A diferença entre gestão e liderança continua a ser uma questão importante no mundo dos negócios. Com a sua experiência enquanto executivo e a de Linda Hill como professora, consideram que esta distinção ainda faz sentido e, se sim, de que formas?
Tanto no título, como muitas vezes no interior do nosso livro, referimo-nos ao “patrão” (boss). E fazemo-lo por duas razões. Por um lado, é um termo que atravessa as várias gerações. Toda a gente o utiliza. E, em segundo lugar e mais importante, é exactamente porque evita a distinção entre “gerir” e “liderar”. Claro que, intelectualmente, percebemos essa distinção. E é possível argumentar que cada uma delas é uma actividade com objectivos relacionados mas também diferenciados.

Contudo, do ponto de vista da pessoa, o patrão, aquele que é responsável pelo trabalho dos outros, essa é uma distinção que nem sempre é útil. E duvidamos que sejam muitos os patrões que vão para o trabalho e pensem: “Hoje vou gerir, mas amanhã vou liderar”. Ou seja, os patrões fazem todos os dias, a toda a hora, aquilo que é preciso fazer para que haja progressos.
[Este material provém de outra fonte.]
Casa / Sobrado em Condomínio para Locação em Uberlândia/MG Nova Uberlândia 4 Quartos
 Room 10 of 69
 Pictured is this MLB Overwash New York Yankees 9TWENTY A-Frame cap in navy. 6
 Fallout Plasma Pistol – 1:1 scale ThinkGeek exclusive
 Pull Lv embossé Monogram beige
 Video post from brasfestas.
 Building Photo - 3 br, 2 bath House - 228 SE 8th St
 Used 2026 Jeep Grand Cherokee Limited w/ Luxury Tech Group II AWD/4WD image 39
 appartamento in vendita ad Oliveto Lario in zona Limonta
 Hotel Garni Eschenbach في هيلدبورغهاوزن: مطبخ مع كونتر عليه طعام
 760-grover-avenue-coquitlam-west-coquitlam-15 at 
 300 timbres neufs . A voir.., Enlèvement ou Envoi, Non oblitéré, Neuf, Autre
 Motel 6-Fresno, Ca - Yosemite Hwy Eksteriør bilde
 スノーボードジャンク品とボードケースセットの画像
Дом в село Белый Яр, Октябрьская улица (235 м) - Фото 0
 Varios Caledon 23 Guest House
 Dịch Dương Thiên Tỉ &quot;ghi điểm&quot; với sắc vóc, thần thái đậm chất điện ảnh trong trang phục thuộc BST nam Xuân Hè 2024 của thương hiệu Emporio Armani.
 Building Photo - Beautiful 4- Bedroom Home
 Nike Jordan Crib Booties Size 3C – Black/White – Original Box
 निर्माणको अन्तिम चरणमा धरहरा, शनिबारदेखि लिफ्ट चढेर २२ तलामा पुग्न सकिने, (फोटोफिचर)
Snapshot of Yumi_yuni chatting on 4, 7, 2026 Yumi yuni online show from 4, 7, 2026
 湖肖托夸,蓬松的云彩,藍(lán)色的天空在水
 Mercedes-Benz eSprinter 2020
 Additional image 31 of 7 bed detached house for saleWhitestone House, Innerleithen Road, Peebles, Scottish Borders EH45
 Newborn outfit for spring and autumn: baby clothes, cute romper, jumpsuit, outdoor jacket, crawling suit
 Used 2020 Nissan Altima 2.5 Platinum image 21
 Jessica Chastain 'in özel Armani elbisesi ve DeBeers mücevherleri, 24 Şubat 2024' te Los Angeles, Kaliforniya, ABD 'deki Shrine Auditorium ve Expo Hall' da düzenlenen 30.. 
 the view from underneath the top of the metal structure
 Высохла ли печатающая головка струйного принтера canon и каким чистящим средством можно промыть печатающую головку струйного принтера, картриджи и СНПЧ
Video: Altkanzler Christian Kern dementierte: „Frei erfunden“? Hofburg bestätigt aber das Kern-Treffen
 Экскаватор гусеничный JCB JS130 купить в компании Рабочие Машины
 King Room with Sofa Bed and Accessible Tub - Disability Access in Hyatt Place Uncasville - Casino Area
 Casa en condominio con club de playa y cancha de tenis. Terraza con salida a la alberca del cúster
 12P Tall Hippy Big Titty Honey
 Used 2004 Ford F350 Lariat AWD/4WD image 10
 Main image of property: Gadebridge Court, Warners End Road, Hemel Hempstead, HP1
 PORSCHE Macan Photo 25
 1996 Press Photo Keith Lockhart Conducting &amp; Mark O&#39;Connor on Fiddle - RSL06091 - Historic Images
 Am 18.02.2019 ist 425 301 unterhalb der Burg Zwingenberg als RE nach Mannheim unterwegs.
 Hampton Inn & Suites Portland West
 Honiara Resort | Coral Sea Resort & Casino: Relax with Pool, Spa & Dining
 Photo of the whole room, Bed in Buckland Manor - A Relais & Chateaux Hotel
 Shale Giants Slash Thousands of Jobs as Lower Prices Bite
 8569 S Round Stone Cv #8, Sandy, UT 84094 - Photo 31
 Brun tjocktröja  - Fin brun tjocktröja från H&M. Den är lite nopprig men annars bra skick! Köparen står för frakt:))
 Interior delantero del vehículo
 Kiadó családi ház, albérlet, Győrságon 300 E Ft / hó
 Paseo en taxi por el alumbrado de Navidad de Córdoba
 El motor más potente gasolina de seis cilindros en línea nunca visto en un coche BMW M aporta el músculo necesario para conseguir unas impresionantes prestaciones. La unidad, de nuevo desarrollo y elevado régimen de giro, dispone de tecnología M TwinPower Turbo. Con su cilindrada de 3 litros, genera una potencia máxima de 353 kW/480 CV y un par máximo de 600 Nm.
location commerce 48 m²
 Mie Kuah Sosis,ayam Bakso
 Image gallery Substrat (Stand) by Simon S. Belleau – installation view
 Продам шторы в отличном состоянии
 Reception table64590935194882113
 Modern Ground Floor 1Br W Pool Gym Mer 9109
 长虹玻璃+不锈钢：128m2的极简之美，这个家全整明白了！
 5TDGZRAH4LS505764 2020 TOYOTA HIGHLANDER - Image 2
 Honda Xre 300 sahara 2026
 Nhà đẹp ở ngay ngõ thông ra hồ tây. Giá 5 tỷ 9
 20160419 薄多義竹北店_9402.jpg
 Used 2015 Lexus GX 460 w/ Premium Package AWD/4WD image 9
Por vezes, esse trabalho envolve mudança e inovação e, noutras alturas envolve estabilidade, execução e continuidade. Um bom patrão é capaz de realizar ambas as coisas e de mudar facilmente de uma para outra, sempre estimulado pelas necessidades do grupo e do seu trabalho. Para o patrão que trabalha, é tudo uma só peça. E esse foi o ponto de vista que decidimos imprimir no livro. No fundo, quisemos regressar aos tempos em que “gerir” incluía liderar, em conjunto com tudo o que é necessário para fazer o trabalho que tem de ser realizado.

É possível nomear alguns exemplos de excelentes patrões no século XXI?
É-nos pedido que o façamos muitas vezes mas, honestamente, é uma questão que nos provoca grande desconforto. Enquanto podemos admirar acções e posições específicas tomadas por alguns líderes, preferimos não nomear ninguém como especialmente exemplar.